● **Task to carry out**
When you reach the line containing "Sculptural Wood Crate Chair" in the entries below, start writing out each line exactly, and stop after the line containing "WLCNYL Betthimmel, Moskitonetz".

Items from a data source:
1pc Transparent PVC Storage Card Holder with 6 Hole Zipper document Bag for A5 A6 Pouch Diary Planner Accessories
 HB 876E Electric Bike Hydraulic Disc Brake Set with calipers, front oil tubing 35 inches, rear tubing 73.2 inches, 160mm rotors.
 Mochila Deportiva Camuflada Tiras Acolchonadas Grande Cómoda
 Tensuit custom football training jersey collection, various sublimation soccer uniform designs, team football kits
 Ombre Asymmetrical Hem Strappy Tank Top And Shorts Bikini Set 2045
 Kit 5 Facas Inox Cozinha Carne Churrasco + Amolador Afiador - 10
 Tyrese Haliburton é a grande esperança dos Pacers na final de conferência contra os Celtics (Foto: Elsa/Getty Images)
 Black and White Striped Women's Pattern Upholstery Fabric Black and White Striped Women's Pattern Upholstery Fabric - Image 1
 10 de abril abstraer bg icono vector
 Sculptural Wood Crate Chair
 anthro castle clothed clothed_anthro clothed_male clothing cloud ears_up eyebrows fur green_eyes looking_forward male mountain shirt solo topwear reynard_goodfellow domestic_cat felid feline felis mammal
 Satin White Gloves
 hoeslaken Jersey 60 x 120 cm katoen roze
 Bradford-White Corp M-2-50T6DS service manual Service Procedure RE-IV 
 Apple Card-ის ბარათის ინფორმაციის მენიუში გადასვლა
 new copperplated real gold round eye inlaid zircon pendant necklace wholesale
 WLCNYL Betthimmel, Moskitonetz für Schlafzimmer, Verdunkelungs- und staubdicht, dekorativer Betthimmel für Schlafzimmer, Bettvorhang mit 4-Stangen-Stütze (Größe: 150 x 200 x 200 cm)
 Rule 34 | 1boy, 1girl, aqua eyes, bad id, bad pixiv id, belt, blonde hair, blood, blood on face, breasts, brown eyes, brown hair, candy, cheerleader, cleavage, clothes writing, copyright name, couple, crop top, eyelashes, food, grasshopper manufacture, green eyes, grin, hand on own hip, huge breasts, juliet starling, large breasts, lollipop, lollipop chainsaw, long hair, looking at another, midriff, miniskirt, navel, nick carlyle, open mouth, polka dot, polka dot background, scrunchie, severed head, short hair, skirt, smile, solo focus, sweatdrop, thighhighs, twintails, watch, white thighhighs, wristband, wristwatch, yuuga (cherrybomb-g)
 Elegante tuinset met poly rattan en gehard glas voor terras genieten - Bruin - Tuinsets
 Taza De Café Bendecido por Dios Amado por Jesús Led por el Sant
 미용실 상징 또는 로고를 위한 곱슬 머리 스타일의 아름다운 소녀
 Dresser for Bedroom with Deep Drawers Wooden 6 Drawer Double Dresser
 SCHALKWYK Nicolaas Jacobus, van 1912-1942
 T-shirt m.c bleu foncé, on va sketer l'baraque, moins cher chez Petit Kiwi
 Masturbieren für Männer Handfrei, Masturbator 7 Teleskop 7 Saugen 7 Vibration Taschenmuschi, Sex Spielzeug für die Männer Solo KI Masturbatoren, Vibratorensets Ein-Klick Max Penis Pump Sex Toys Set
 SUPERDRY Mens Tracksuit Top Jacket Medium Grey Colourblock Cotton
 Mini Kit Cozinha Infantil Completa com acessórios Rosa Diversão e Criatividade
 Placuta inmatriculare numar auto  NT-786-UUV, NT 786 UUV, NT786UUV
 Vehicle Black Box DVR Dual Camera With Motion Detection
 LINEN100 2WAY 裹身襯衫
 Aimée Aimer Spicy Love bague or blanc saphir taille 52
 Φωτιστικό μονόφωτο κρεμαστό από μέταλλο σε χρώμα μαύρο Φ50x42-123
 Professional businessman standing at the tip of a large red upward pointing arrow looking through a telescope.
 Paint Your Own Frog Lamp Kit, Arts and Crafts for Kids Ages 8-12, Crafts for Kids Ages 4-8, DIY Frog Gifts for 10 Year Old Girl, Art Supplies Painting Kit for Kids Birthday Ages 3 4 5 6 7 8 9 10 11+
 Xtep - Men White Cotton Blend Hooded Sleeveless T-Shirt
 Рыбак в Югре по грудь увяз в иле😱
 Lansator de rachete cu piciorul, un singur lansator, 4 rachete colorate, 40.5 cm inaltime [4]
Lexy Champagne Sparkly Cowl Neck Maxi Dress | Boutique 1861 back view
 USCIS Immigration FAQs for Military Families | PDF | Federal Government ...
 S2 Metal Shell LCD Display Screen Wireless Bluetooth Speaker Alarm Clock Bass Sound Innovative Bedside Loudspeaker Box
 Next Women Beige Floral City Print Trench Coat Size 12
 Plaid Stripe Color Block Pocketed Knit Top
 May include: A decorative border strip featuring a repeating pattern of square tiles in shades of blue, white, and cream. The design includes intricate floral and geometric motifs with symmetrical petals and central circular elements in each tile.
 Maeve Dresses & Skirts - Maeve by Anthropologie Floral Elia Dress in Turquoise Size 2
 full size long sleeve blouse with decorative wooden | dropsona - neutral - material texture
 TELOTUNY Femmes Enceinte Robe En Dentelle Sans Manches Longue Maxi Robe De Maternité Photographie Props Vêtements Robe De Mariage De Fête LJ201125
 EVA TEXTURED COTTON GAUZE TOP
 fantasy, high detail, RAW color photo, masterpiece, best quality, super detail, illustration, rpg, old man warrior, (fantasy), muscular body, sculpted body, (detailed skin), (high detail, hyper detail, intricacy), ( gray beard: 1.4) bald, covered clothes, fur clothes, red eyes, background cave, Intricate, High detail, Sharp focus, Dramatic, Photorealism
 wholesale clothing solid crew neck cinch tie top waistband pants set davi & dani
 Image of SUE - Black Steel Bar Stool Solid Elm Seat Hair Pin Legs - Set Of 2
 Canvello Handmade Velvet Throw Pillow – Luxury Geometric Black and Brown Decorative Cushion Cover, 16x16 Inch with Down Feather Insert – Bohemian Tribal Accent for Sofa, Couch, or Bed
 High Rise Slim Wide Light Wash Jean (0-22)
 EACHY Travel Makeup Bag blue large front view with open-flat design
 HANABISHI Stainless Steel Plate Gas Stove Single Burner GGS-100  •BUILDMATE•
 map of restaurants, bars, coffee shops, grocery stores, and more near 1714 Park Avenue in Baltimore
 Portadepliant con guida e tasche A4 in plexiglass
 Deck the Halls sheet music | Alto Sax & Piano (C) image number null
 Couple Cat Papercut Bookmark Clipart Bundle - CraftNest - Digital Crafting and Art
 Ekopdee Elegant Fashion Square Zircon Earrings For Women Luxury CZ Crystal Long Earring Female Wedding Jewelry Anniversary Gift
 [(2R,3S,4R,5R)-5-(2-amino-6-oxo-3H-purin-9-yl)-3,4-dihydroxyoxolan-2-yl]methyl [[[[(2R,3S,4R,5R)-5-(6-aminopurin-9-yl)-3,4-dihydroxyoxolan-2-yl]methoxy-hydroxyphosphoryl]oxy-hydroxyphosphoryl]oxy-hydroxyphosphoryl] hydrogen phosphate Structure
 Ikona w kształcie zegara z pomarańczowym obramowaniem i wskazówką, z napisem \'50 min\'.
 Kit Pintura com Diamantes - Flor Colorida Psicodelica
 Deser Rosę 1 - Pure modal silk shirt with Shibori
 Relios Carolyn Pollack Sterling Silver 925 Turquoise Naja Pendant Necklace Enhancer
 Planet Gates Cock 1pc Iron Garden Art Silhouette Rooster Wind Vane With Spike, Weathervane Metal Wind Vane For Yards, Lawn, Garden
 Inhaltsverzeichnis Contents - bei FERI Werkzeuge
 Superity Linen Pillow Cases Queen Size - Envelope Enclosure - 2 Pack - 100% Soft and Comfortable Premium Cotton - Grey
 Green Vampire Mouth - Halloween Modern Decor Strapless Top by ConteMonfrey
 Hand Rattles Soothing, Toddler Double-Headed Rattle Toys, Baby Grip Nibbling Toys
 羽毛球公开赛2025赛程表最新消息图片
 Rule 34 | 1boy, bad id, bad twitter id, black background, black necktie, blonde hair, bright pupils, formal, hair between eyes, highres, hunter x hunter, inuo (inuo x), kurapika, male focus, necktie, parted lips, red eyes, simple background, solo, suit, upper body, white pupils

● **Your response**
 Sculptural Wood Crate Chair
 anthro castle clothed clothed_anthro clothed_male clothing cloud ears_up eyebrows fur green_eyes looking_forward male mountain shirt solo topwear reynard_goodfellow domestic_cat felid feline felis mammal
 Satin White Gloves
 hoeslaken Jersey 60 x 120 cm katoen roze
 Bradford-White Corp M-2-50T6DS service manual Service Procedure RE-IV 
 Apple Card-ის ბარათის ინფორმაციის მენიუში გადასვლა
 new copperplated real gold round eye inlaid zircon pendant necklace wholesale
 WLCNYL Betthimmel, Moskitonetz für Schlafzimmer, Verdunkelungs- und staubdicht, dekorativer Betthimmel für Schlafzimmer, Bettvorhang mit 4-Stangen-Stütze (Größe: 150 x 200 x 200 cm)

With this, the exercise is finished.